Error message for invalid analysis configuration
-
If you get the error message
Unable to load analysis configuration as JSON.
, this means that the analysis configuration input file for the processing job does not contain a valid JSON object. Check the validity of the JSON object using a JSON linter. -
If you get the error message
Analysis configuration schema validation error.
, this means that the analysis configuration input file for the processing job contains unknown fields or invalid types for some field values. Review the configuration parameters in the file and cross-check them with the parameters listed in the analysis configuration file. For more information, see Configure the Analysis.
Bias metric computation fails for several or all metrics
If your receive one of the following error messages No Label values are
present in the predicted Label Column, Positive Predicted Index Series contains all
False values.
or Predicted Label Column series data type is
not the same as Label Column series.
, try the following:
-
Check that the correct dataset is being used.
-
Check whether the dataset size is too small; whether, for example, it contains only a few rows. This may cause the model outputs to have the same value or the data type is inferred incorrectly.
-
Check if the label or facet is treated as continuous or categorical. SageMaker Clarify uses heuristics to determine the
DataType
. For post-training bias metrics, the data type returned by the model may not match what is in the dataset or SageMaker Clarify may not be able to transform it correctly. -
In the bias report, you should see a single value for categorical columns or an interval for continuous columns.
-
For example, if a column has values 0.0 and 1.0 as floats, it will be treated as continuous even if there are too few unique values.
-
Mismatch between analysis config and dataset/model input/output
-
Check that the baseline format in the analysis config is the same as dataset format.
-
If your receive the error message
Could not convert string to float.
, check that the format is correctly specified. It could also indicate that the model predictions have a different format than the label column or it could indicate that the configuration for the label or probabilities is incorrect. -
If your receive the error message
Unable to locate the facet.
orHeaders must contain label.
orHeaders in config do not match with the number of columns in the dataset.
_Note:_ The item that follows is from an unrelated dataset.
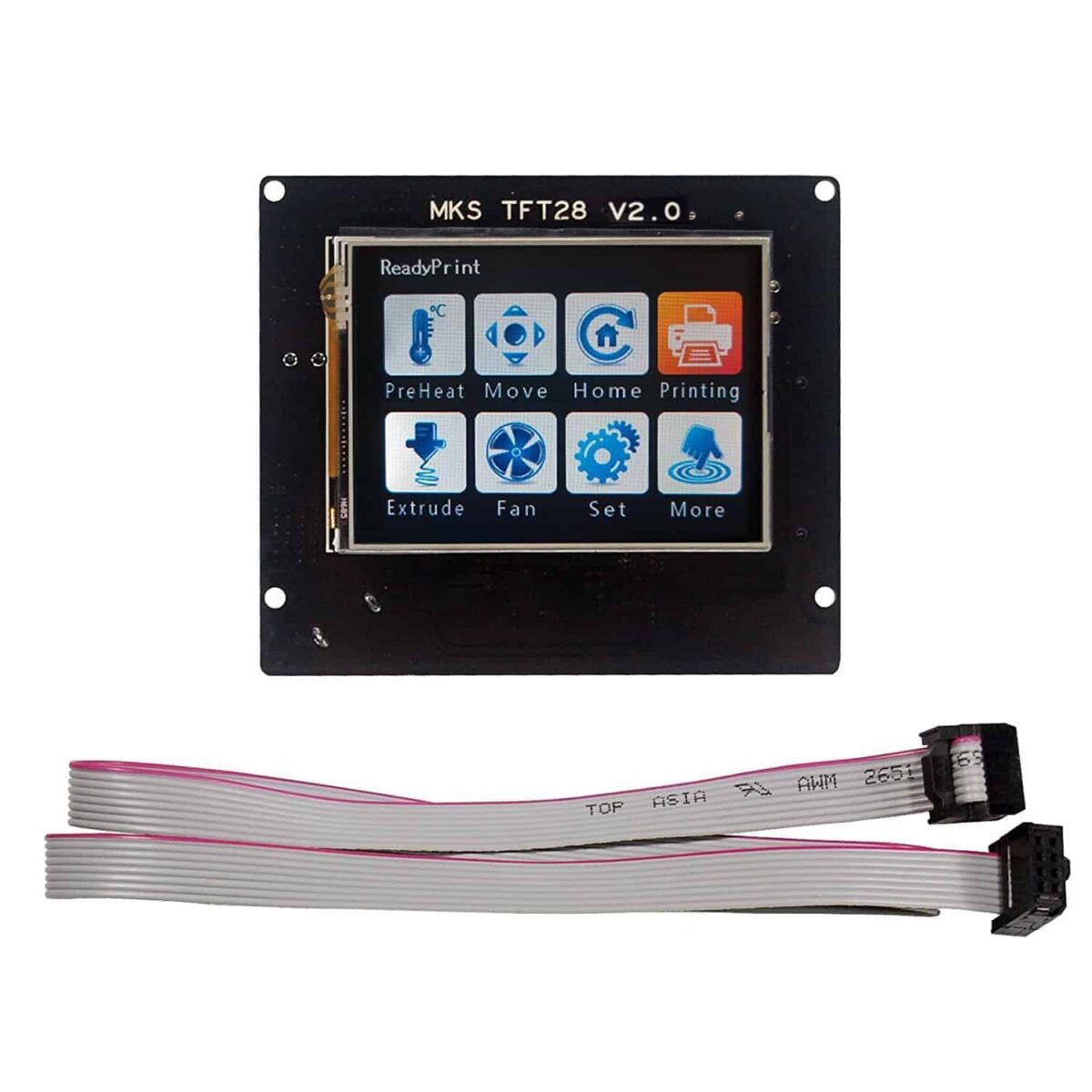 2.8 Inch MKS TFT28 V4 Full Color Touch Screen Support WIFI APP For 3D Printer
orFeature names not found.
, check that the headers match the columns. -
If your receive the error message
Data must contain features.
, check the content template for JSON Lines and compare it with the dataset sample if available.
Model returns 500 Internal Server Error or container falls back to per-record predictions due to model error
If you receive the error message Fallback to per-record prediction because
of model error.
, this could indicate that model cannot handle the batch
size, or be throttled, or just does not accept the input passed by the container due to
serialization problems. You should review the CloudWatch logs for the SageMaker endpoint and
look for error messages or tracebacks. For model throttling cases, it may help to use a
different instance type or increasing the number of instances for the endpoint.
Execution role is invalid
This indicates that the role provided is incorrect or missing required permissions. Check the role and its permissions that were used to configure the processing job and verify the permission and trust policy for the role.
Failed to download data
This indicates that job inputs could not be downloaded for the job to start. Check the bucket name and permissions for the dataset and the configuration inputs.
Could not connect to SageMaker
This indicates that the job could not reach SageMaker service endpoints. Check the network configuration settings for the processing job and verify virtual private cloud (VPC) configuration.